JOHANNESBURG (miningweekly.com) – Ahead of tackling policy issues, incremental ongoing effort must be prioritised to clear South Africa’s huge mineral exploration and mining rights backlog, says AmaranthCX director Paul Miller.
The backlog currently stands at more than 5 000 unprocessed exploration applications and 235 unprocessed mining right applications.
Just clearing the backlog would be a huge leap forward, says Miller, who was speaking to Mining Weekly in a Zoom interview. (Also watch attached Creamer Media video.)
“Let’s make gradual, consistent improvements. Let’s get the administration working, and then we can contest the more ideological issues around policy, separately,” says Miller.
“Right now, I’d settle for just clearing the backlog, and addressing the inefficiency in regional offices. That’s uncontested. There’s no party in South Africa that says we should have dysfunctional administration.
“The evidence is in. The Reserve Bank’s own information shows that exploration spending is collapsed. The S&P Intelligence information shows that we’ve never done worse in the two decades of their numbers.
“We have such a magnificent mining industry in South Africa and we have such a magnificent geology in South Africa that even if we achieved marginal improvement, we would have a dramatic improvement, and a real opportunity to lift our heads and get positive about our industry – if we simply had material improvements in the way we administer our existing policy,” says Miller.
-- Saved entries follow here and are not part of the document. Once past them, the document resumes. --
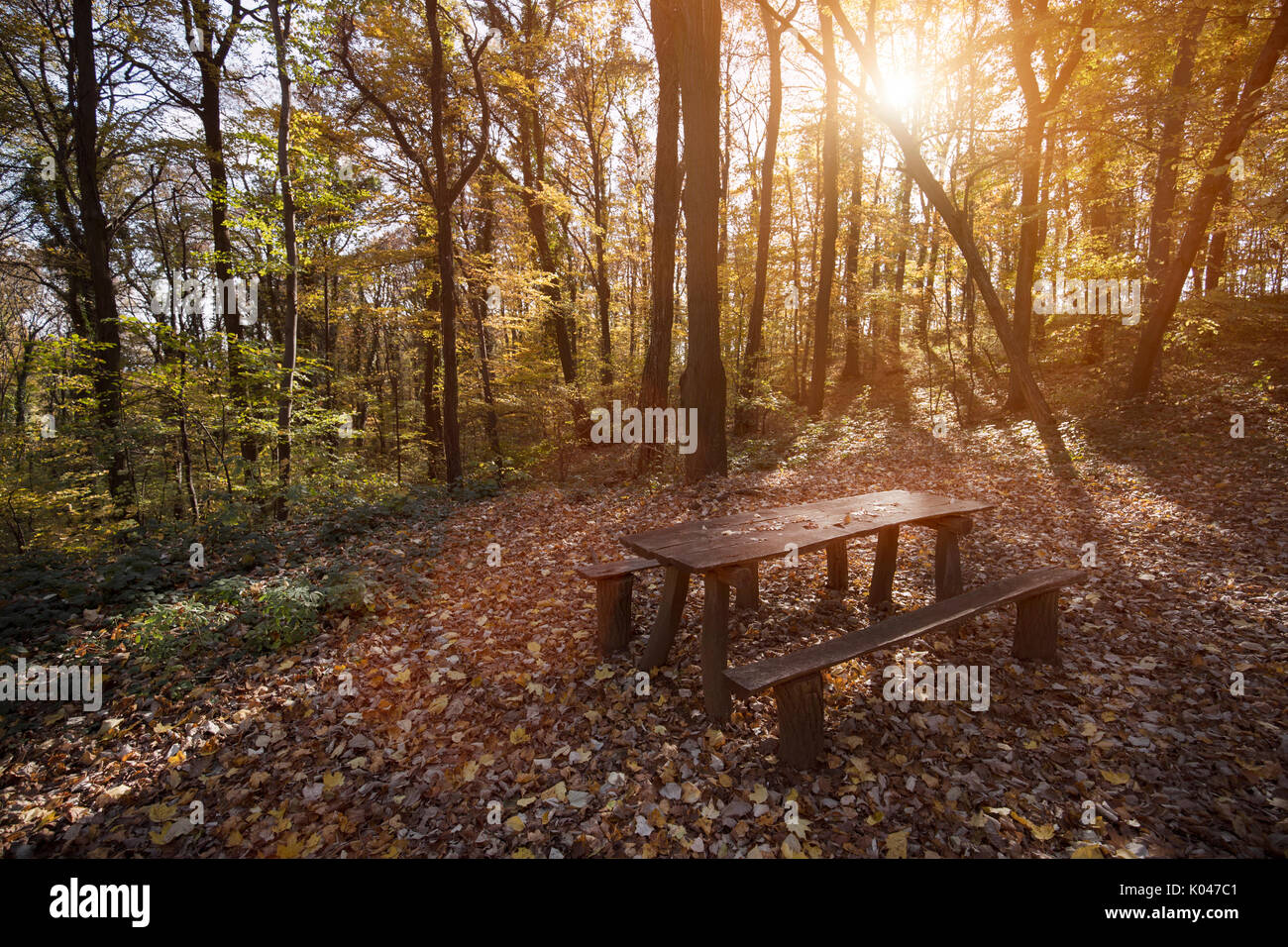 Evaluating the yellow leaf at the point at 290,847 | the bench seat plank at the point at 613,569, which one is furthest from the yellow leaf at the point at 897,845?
the yellow leaf at the point at 290,847

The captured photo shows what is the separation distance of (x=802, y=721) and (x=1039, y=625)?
230 centimetres

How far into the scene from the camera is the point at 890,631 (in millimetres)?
3367

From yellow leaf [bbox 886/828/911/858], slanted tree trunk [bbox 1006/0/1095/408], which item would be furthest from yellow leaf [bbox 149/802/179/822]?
slanted tree trunk [bbox 1006/0/1095/408]

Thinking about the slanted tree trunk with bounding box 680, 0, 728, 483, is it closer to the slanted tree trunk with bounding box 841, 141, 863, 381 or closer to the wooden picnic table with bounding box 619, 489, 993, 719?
the wooden picnic table with bounding box 619, 489, 993, 719

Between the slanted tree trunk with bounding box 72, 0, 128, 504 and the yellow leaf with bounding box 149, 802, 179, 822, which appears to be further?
the slanted tree trunk with bounding box 72, 0, 128, 504

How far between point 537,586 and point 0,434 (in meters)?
10.5

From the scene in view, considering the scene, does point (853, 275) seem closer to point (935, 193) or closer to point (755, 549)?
point (935, 193)

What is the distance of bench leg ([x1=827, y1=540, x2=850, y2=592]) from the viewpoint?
16.6 feet

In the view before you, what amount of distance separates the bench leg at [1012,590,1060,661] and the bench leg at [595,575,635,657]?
2.90 metres

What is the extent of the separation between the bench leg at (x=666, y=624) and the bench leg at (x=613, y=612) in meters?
0.32

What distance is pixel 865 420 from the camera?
575 inches

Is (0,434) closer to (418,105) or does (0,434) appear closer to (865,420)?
(418,105)

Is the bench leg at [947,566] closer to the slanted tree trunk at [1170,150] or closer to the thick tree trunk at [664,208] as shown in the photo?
the thick tree trunk at [664,208]

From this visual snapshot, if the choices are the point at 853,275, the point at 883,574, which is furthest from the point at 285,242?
the point at 853,275
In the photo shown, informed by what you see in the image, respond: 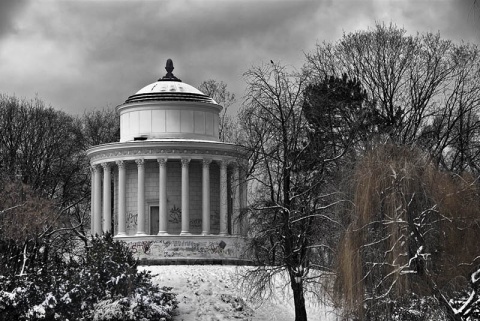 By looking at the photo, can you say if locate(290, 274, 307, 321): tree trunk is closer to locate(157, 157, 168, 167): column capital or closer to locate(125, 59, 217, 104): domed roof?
locate(157, 157, 168, 167): column capital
He rejected the silver-bullet notion of a transparent online cadastre being the panacea.
“We could make dramatic improvements not by looking for some silver-bullet solution. You first need a culture change which asks ‘what can we do to welcome investors’. If they make that change, then officials can go and look at multiple countries around the world and they can pick and choose solutions that they like for us, and obviously one of those solutions would have to include a transparent online cadastre. Other things would be a single one-stop shop,” he says.
The use-it-or-lose-it principle would also have to be vastly improved: “We’ve got to turn prospecting rights over, we’ve got to curate all the knowledge that prospecting develops, we’ve got to hold applicants responsible for their obligations, so when you get a prospecting right, you’ve actually got to do the work. You’ve got to generate knowledge and you've got to submit that knowledge back into a central repository, so that the next time someone looks at the same property, there’s an accumulative improvement in what we know about the geological endowment of South Africa.
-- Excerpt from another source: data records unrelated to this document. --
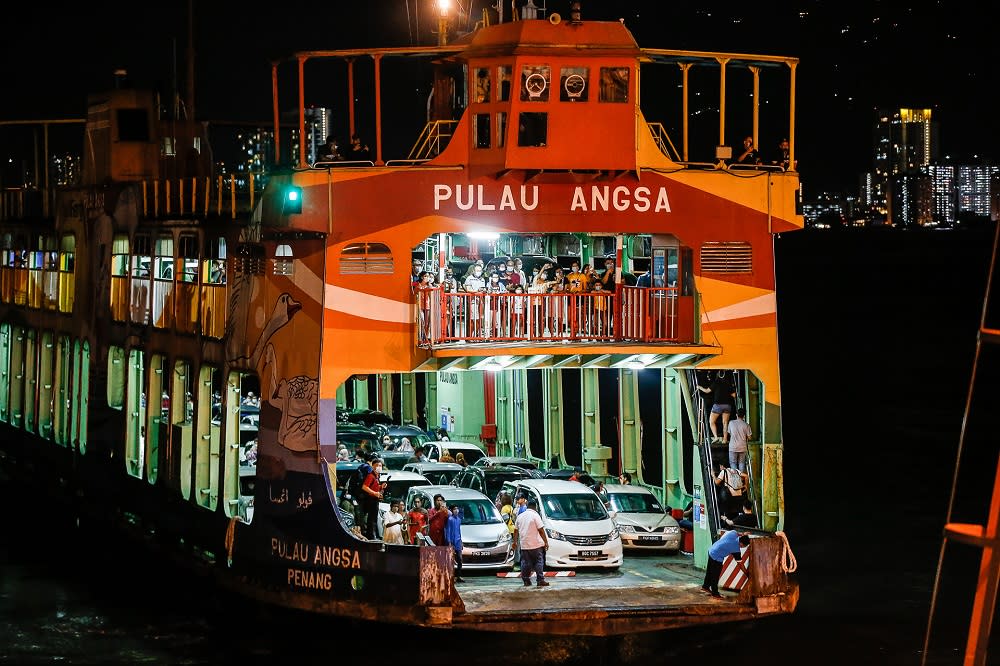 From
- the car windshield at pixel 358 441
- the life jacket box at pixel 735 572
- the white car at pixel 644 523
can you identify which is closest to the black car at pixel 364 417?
the car windshield at pixel 358 441

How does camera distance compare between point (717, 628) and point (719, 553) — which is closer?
point (719, 553)

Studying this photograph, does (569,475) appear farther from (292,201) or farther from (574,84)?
(292,201)

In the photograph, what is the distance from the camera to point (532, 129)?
2381cm

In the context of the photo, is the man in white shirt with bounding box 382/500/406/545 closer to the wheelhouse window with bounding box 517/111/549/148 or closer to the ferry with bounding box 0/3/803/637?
the ferry with bounding box 0/3/803/637

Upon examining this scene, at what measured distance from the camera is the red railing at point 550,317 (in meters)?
23.5

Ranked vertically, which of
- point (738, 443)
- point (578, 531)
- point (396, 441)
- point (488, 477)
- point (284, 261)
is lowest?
point (578, 531)

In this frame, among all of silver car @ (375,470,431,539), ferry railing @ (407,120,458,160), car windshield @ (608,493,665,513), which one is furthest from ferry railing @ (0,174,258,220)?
car windshield @ (608,493,665,513)

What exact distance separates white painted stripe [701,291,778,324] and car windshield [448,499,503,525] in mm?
4617

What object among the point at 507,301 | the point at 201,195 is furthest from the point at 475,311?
the point at 201,195

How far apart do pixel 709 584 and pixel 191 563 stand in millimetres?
9593

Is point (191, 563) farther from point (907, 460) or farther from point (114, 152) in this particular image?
point (907, 460)

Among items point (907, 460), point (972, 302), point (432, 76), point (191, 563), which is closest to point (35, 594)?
point (191, 563)

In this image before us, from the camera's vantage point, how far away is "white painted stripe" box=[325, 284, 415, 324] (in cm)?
2336

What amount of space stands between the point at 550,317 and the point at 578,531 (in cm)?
346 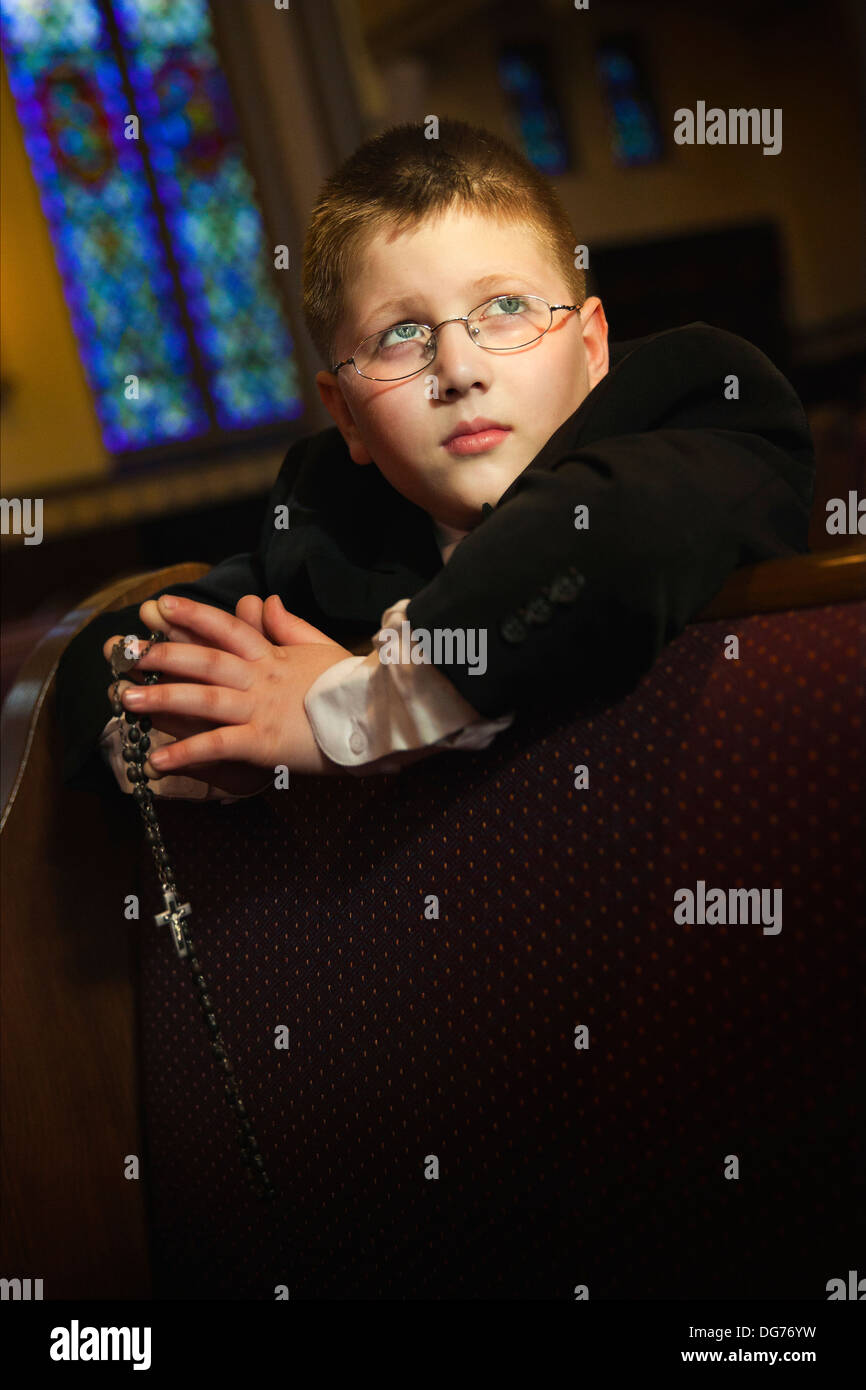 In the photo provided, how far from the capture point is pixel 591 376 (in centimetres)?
119

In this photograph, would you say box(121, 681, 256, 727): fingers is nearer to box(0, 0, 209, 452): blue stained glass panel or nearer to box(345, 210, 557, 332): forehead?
box(345, 210, 557, 332): forehead

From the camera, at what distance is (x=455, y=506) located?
3.51 feet

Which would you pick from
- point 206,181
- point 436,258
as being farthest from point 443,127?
point 206,181

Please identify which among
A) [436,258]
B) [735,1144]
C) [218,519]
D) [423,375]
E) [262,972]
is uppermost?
[218,519]

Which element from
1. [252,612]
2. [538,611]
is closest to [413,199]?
[252,612]

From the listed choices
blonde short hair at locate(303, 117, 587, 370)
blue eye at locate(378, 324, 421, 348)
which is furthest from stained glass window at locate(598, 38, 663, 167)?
blue eye at locate(378, 324, 421, 348)

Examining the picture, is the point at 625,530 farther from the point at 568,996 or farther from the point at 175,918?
the point at 175,918

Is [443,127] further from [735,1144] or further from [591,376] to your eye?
[735,1144]

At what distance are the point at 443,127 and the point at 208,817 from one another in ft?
2.38

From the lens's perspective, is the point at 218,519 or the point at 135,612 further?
the point at 218,519

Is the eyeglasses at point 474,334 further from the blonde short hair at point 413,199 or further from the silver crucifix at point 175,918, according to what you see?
the silver crucifix at point 175,918

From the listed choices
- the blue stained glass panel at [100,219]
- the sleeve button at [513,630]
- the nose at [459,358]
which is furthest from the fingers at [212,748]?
the blue stained glass panel at [100,219]

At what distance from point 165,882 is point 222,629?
0.22m

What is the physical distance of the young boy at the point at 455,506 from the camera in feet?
2.53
“All these things are not ideologically contested. All of them will make gradual improvements, and we can start seeing them pretty quickly. It’s not hard to do that and hopefully we can go forward with that.
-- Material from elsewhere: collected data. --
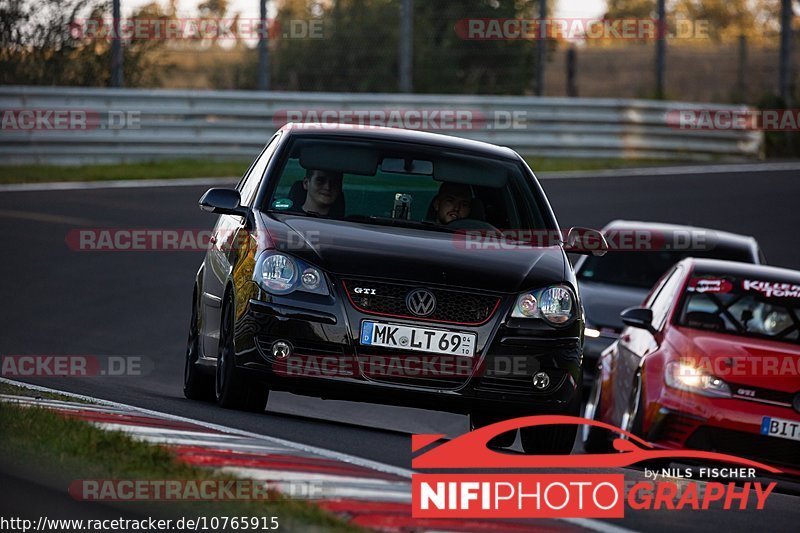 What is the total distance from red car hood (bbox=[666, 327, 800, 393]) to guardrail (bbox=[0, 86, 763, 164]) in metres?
13.4

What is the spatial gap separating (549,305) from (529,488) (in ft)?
5.99

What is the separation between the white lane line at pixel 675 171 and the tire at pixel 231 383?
15359 millimetres

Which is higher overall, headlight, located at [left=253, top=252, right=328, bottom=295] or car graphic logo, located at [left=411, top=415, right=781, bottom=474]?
headlight, located at [left=253, top=252, right=328, bottom=295]

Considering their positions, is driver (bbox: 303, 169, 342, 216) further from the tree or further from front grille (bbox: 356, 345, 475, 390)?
the tree

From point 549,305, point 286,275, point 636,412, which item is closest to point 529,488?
point 549,305

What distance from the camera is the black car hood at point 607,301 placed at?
43.7 ft

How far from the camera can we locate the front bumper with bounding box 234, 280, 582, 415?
314 inches

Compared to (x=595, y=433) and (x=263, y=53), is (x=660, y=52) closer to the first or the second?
(x=263, y=53)

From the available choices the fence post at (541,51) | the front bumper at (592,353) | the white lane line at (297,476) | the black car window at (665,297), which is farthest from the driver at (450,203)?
the fence post at (541,51)

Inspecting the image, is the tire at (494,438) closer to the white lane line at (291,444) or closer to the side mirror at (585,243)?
the side mirror at (585,243)

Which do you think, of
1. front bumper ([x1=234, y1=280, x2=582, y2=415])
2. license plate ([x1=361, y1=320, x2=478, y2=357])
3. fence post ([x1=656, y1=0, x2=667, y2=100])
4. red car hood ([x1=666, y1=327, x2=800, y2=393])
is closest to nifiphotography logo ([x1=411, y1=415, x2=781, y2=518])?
front bumper ([x1=234, y1=280, x2=582, y2=415])

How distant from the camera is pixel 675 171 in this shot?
25141 mm

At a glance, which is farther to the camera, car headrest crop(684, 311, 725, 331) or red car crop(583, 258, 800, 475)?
car headrest crop(684, 311, 725, 331)

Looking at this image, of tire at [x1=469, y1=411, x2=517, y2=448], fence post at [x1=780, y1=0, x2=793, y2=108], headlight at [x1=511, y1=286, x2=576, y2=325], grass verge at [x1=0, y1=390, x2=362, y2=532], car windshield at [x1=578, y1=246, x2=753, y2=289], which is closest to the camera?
grass verge at [x1=0, y1=390, x2=362, y2=532] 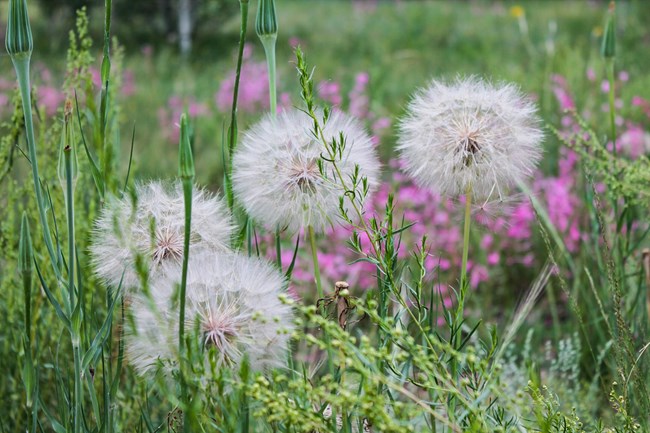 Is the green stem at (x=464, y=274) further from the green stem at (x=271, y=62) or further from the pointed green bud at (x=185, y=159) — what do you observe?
the pointed green bud at (x=185, y=159)

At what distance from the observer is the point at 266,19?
1.31m

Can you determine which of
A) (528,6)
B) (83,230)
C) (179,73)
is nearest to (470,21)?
(528,6)

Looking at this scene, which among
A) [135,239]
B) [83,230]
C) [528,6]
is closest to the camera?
[135,239]

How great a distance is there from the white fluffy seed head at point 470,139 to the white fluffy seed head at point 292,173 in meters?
0.09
“It’s very positive that Minerals Council South Africa has come out in favour of exploration. We have this wonderful body of skills and knowledge and academic institutions. So there is a positive story deep in here to tell, but first we need some sort of culture change to show that investors are welcome in South Africa again,” Miller contends.
"This backlog of applications is the crisis that we can use to try and make positive improvements. If we cleared this backlog in a year or two, it would make a dramatic difference," he adds.